Substring using Oracle SQL regex

Question

I've created a regex which would capture the string I need. When I am testing regex on websites such as rubular.com then everything works, however when I put the same regex into REGEXP_SUBSTR function then it doesn't work.

Here are 2 SQL examples (one with text in English and another one in Kristaps Porzingis' language):

SELECT regexp_substr('<ul data-error-code="REOPENED" data-unique-error-code="REOPENED"><li class="b">This is the text I would like to substr! <p class="tutorial" href="#">Other random text that I do not need</li></ul>'
                    ,'<li class="b">([\wāēīšžģņļčķū:!,\b\s]+)<') 
  FROM dual;

SELECT regexp_substr('<ul data-error-code="REOPENED" data-unique-error-code="REOPENED"><li class="b">Šī ir valoda, ko lielākā daļa no jums nesaprot! <p class="tutorial" href="#">Other random text that I do not need</li></ul>'
                    ,'<li class="b">([\wāēīšžģņļčķū:!,\b\s]+)<') 
  FROM dual;

I am trying to select text between <li class="b"> and next html tag, which in this case is <p class="tutorial">.

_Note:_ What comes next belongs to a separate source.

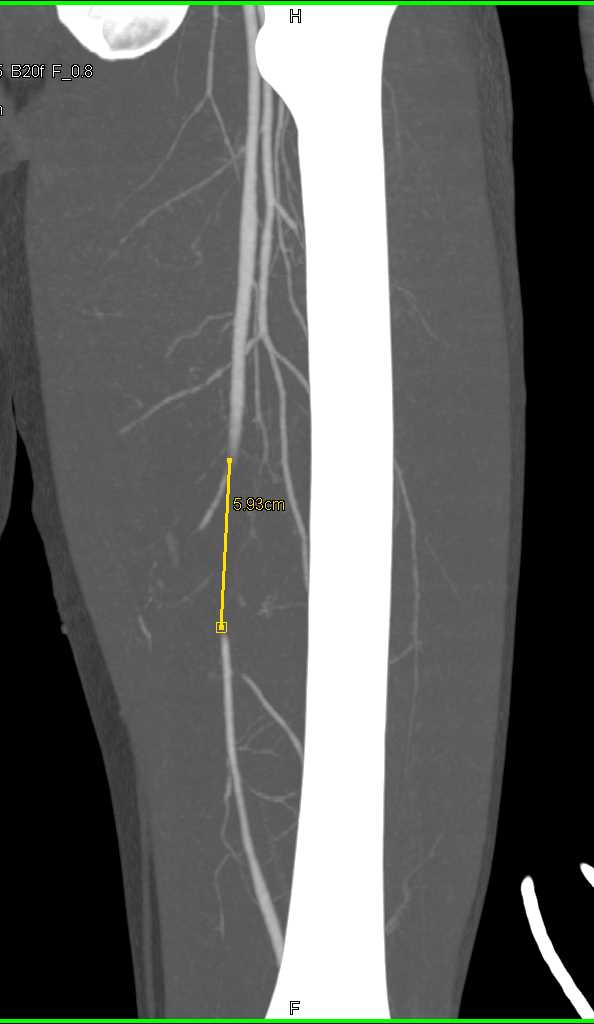 SFA Occlusion - CTisus CT Scan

Any advice on what am I doing wrong?

LukStorms · Answer 1 · 2017-06-15T13:35:25.813

You can simplify that regex.
Instead of looking for specific characters, look for characters that are not < or >

For example:

SELECT regexp_substr('<ul><li class="b">Šī ir valoda, ko lielākā daļa no jums nesaprot! <p>Not needed</li></ul>'
                    ,'<li class="b">([^<>]+)',1,1,'i',1) as b_class
FROM dual

Where [^<>] matches any character that's not < or >

Or you could lazy match the characters till the first <

SELECT regexp_substr('<ul><li class="b">Šī ir valoda, ko lielākā daļa no jums nesaprot! <p>Not needed</li></ul>'
                    ,'<li class="b">(.*?)<',1,1,'ni',1) as b_class
FROM dual

The .*? will try to consume characters till the first <
And by adding the match parameter n it'll also match if there's a multiline text after the tag.

'n' allows the period (.), which is the match-any-character character, to match the newline character. If you omit this parameter, the period does not match the newline character.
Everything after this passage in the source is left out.